### ACTIVITY
In the entries below, find the line containing "Pure kanchipuram silk" and the line containing "Brown trail end". Copy those two lines and everything between them exactly, without the pictures.

### DATA PROVIDED
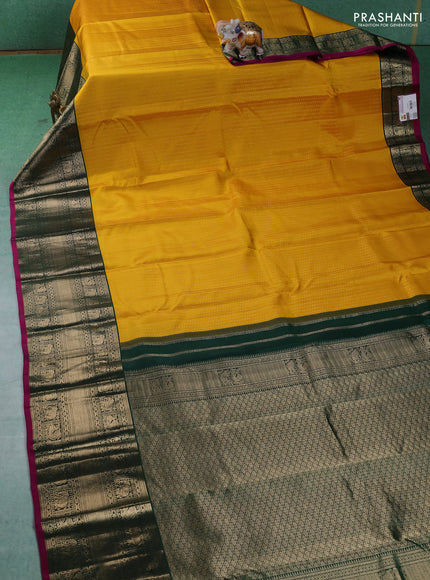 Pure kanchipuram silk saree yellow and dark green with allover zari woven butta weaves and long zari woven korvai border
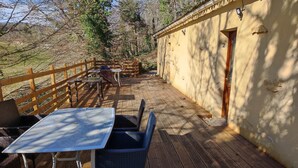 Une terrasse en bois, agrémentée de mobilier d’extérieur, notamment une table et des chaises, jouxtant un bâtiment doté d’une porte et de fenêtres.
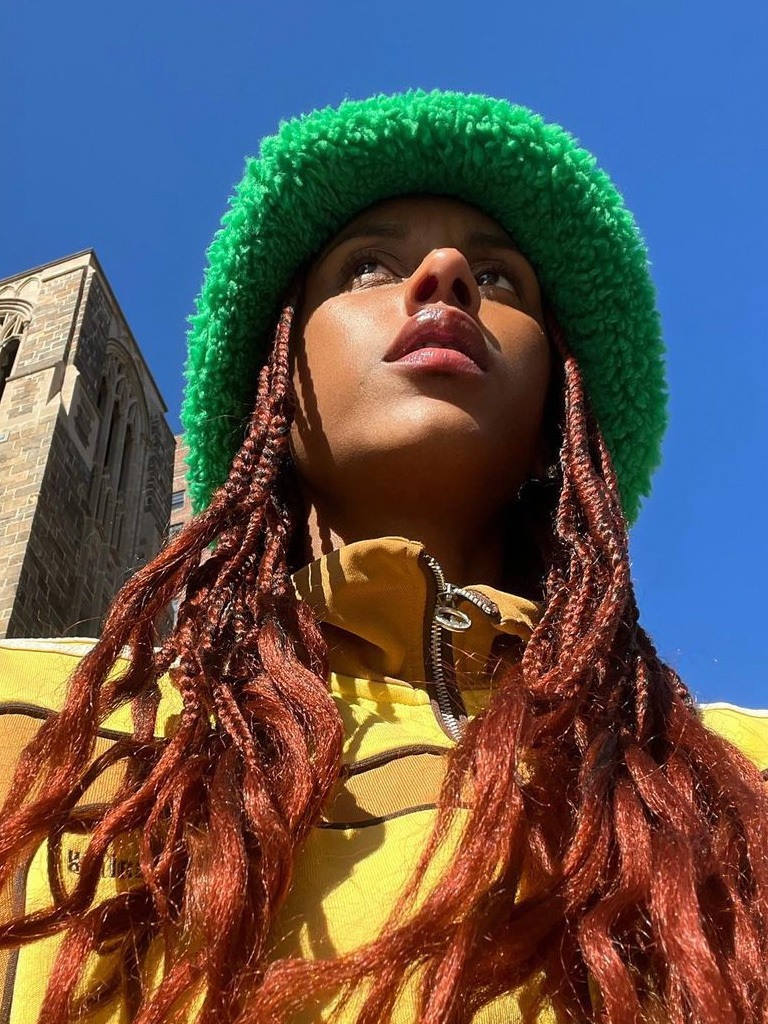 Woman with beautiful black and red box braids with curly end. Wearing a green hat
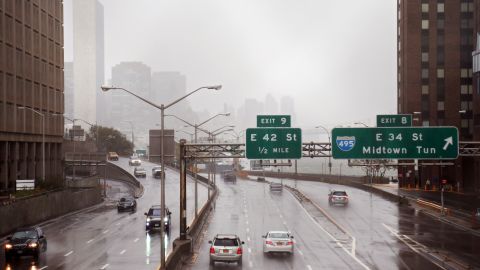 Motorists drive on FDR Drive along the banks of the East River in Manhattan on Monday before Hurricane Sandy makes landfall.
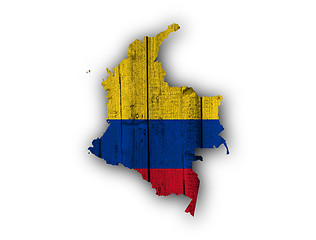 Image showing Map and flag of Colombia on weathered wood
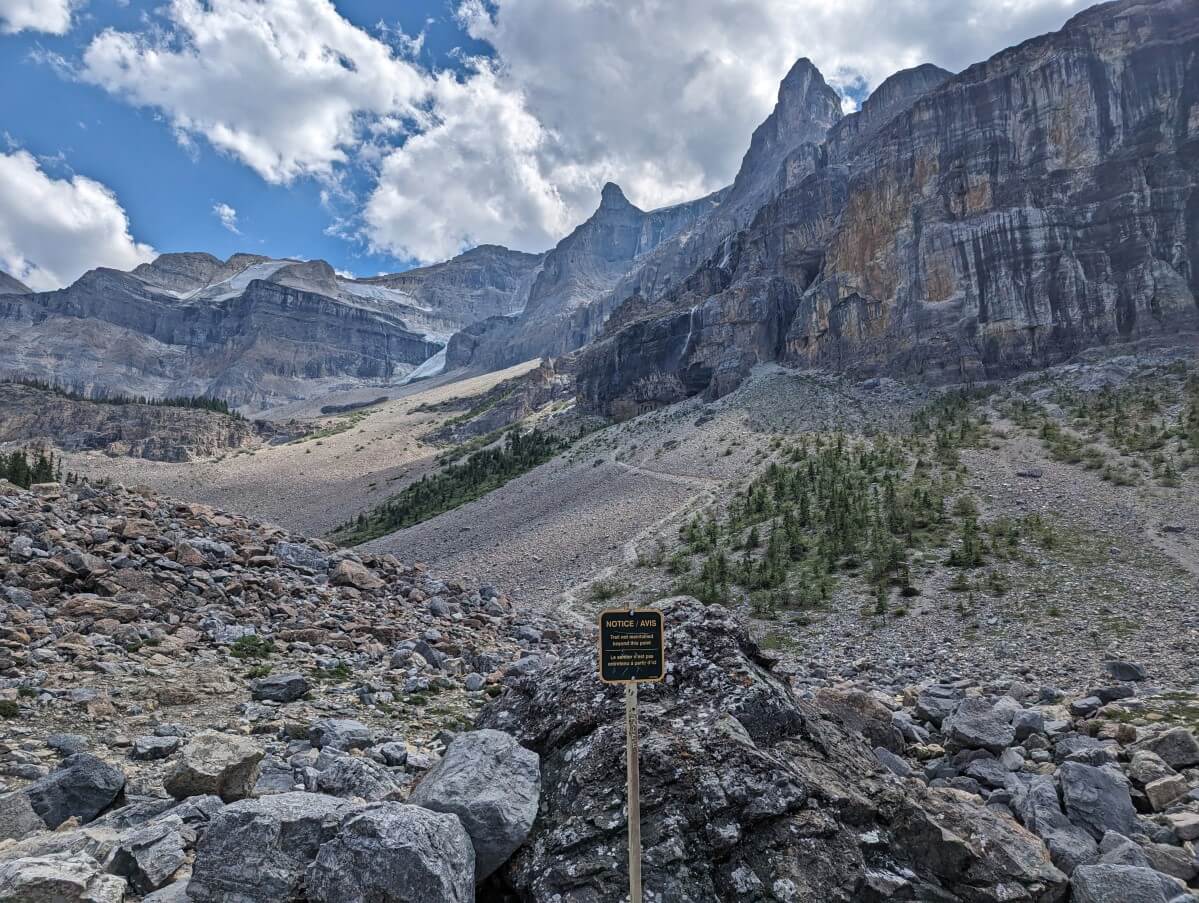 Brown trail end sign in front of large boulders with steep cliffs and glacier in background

--

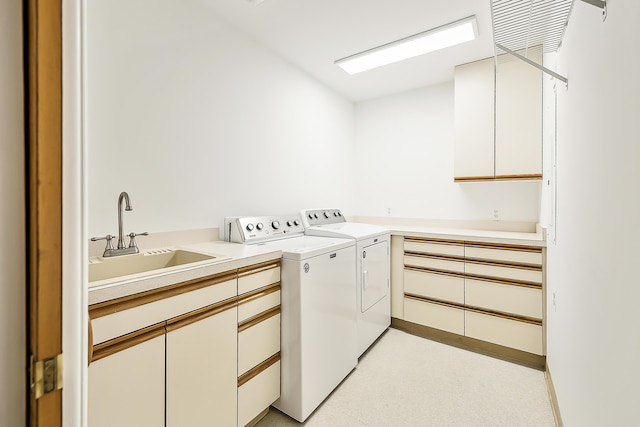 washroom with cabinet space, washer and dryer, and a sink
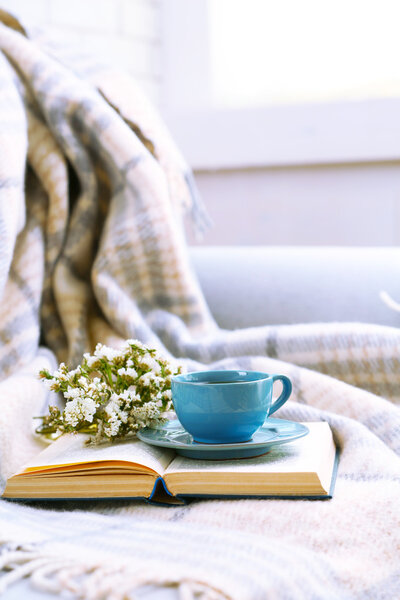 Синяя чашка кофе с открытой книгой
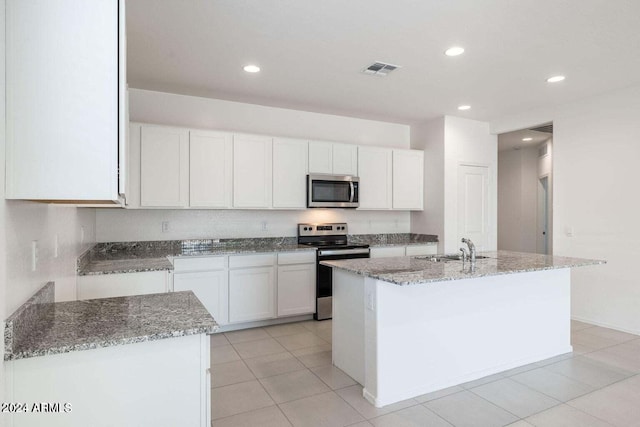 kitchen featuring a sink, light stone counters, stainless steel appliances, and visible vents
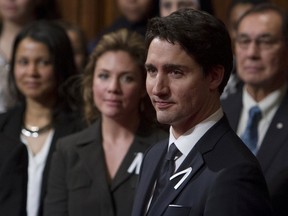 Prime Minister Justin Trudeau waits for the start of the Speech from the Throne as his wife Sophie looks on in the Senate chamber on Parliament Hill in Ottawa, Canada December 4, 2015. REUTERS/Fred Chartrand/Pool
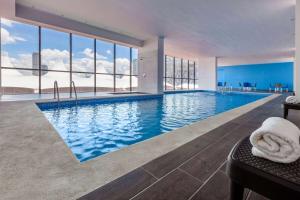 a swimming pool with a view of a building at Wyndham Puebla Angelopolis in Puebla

==

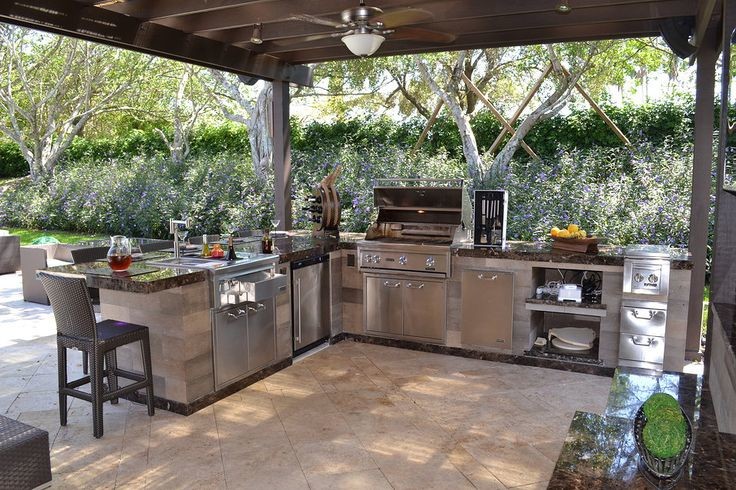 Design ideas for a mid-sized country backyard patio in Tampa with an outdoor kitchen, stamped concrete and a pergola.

### EXPECTED OUTPUT
 Pure kanchipuram silk saree yellow and dark green with allover zari woven butta weaves and long zari woven korvai border
 Une terrasse en bois, agrémentée de mobilier d’extérieur, notamment une table et des chaises, jouxtant un bâtiment doté d’une porte et de fenêtres.
 Woman with beautiful black and red box braids with curly end. Wearing a green hat
 Motorists drive on FDR Drive along the banks of the East River in Manhattan on Monday before Hurricane Sandy makes landfall.
 Image showing Map and flag of Colombia on weathered wood
 Brown trail end sign in front of large boulders with steep cliffs and glacier in background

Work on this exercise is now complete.